Calvin Remembers Two Influential Women
The Calvin University community is grieving after losing two women who dedicated decades of their lives to serving students and making the institution a better place. Rhae Ann Booker, who served at Calvin for two decades, most recently as assistant dean of academic multicultural affairs, died Feb. 3, 2024, at age 56. Edna Greenway, who taught in the Spanish department for a quarter of a century, died Jan. 9, 2024, at age 88.
Rhae Ann Booker
“When we at Calvin say that we stand on the strong shoulders of those who went before, we must remember intrepid pioneers like Rhae-Ann Booker,” said Joel Carpenter, who served as provost at Calvin from 1996 to 2006.
“During her years at Calvin, she put her heart and soul into making this a place that is better equipped to serve all our students,” said Carpenter.
Carpenter said he first crossed paths with Booker during the early days of the antiracism project on Calvin’s campus. In 1998, Carpenter said, the officers of the Christian Reformed Church underwent antiracism training and then challenged the Calvin community to do the same. That’s where he first saw Booker’s fingerprints on the foundations of Calvin’s diversity, equity, inclusion, and belonging efforts.

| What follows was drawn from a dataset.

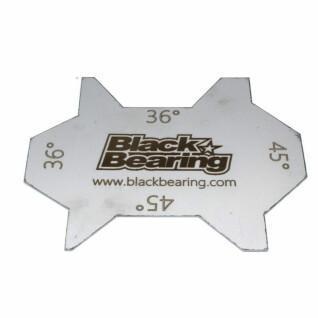Strumento per la misurazione dell'angolo dei cuscinetti del casco Black Bearing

“Calvin, Rhae-Ann was unafraid to testify, did not feel like home to her, even though she was a Calvin graduate,” said Carpenter. “So, how could that change? How could we make Calvin a place where people of color not only feel at home but also become equal partners and co-owners of the campus community?”
Questions like these drove Booker to devote 20 years of her career to working at Calvin.
Addressing those questions “was the aim of the Calvin antiracism initiative and From Every Nation (FEN, 2004), Calvin’s long-term plan to become a just, reconciling, and cross-culturally partnering place,” said Carpenter. “If you look at the back page of FEN, you will see Rhae-Ann’s name there as one of its architects.”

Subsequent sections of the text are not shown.